Dataset entries ->
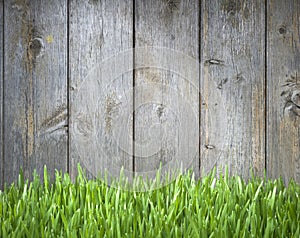 Grass Wood Fence Background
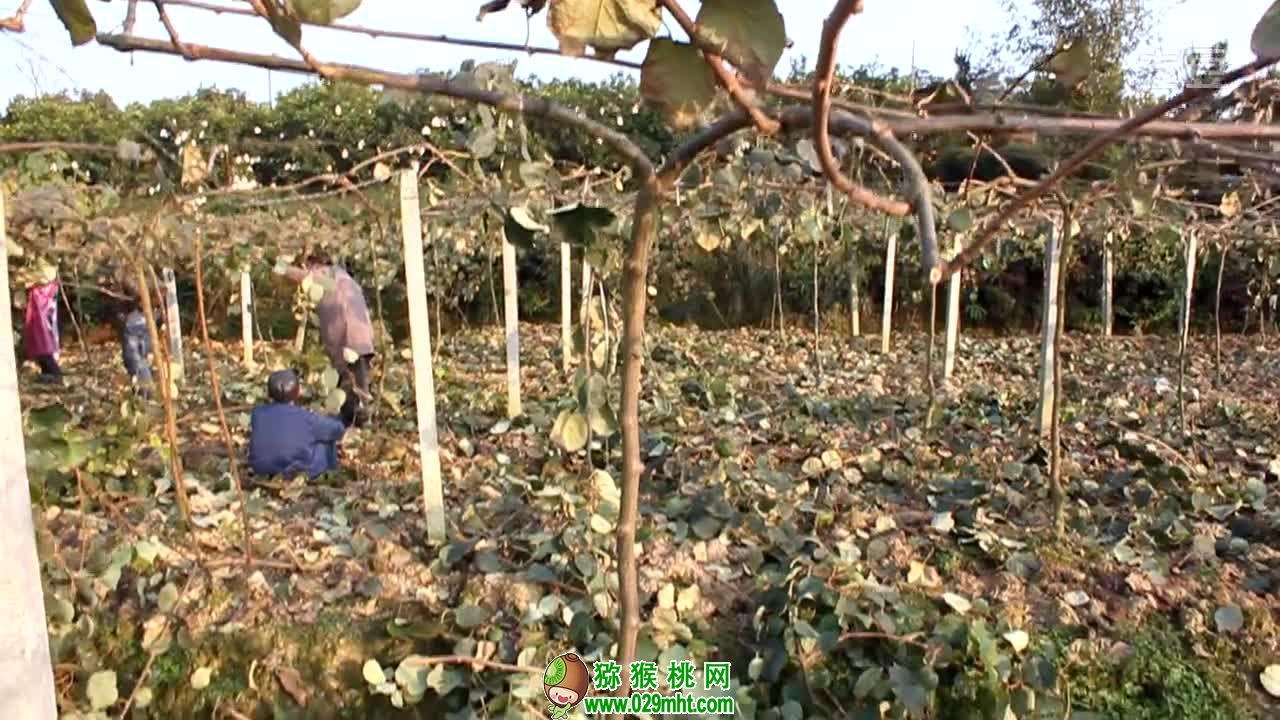 豪门国际官方网站图片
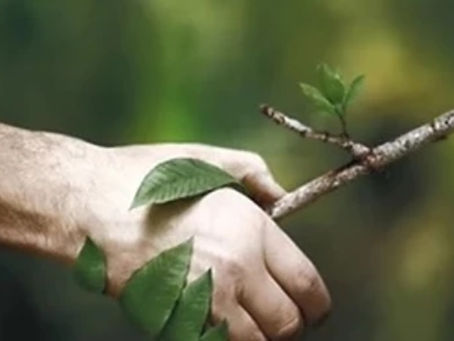 FEAM estabelece diretrizes de pesquisa e inovação para a gestão ambiental em MG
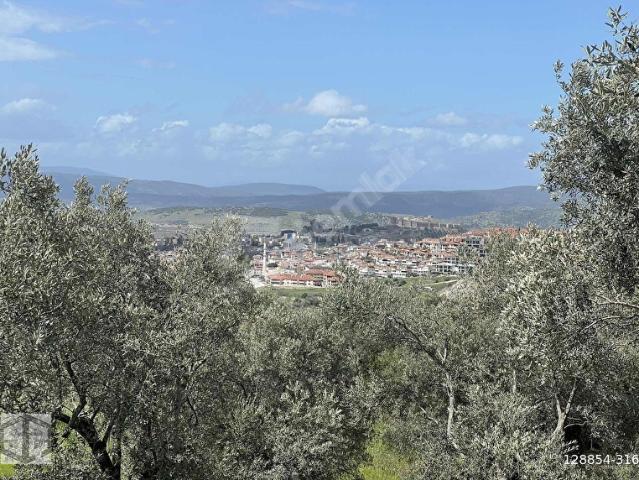 Selçuk, İzmir içerisinde satılık mülk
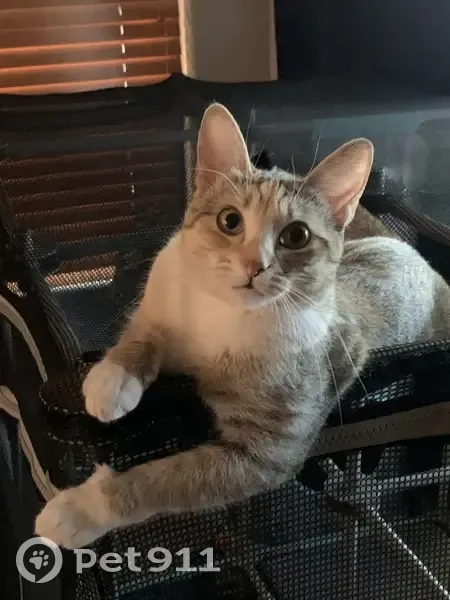 Lost Female Cat, North 145th Drive, Surprise - very small - photo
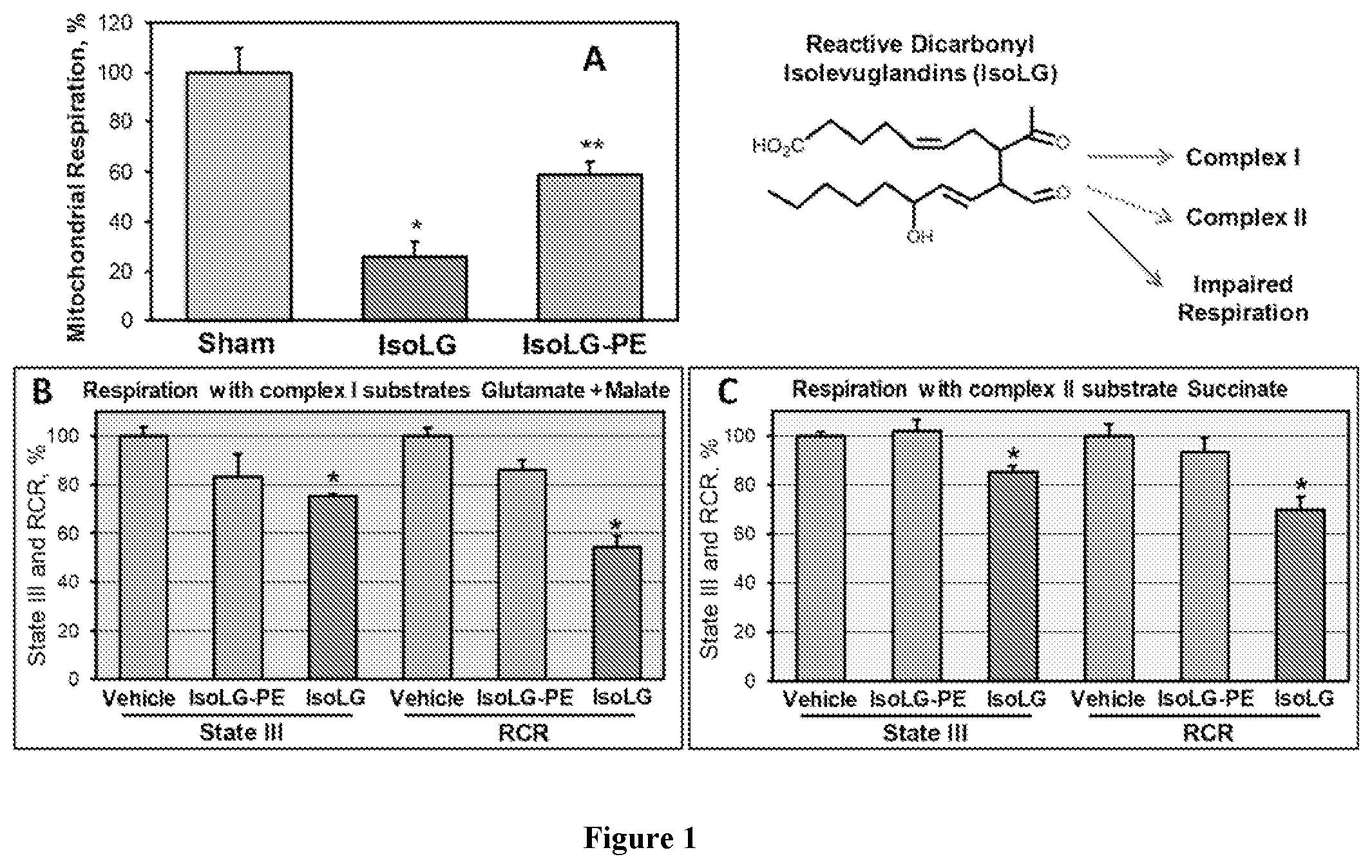 Patent US12564580 — Mitochondria-targeted isoketal/isolevuglandin scavengers and uses thereof — Figure 1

Instructions for the task ->
Repeat the data exactly in full, omitting its pictures.

Task result ->
 Grass Wood Fence Background
 豪门国际官方网站图片
 FEAM estabelece diretrizes de pesquisa e inovação para a gestão ambiental em MG
 Selçuk, İzmir içerisinde satılık mülk
 Lost Female Cat, North 145th Drive, Surprise - very small - photo
 Patent US12564580 — Mitochondria-targeted isoketal/isolevuglandin scavengers and uses thereof — Figure 1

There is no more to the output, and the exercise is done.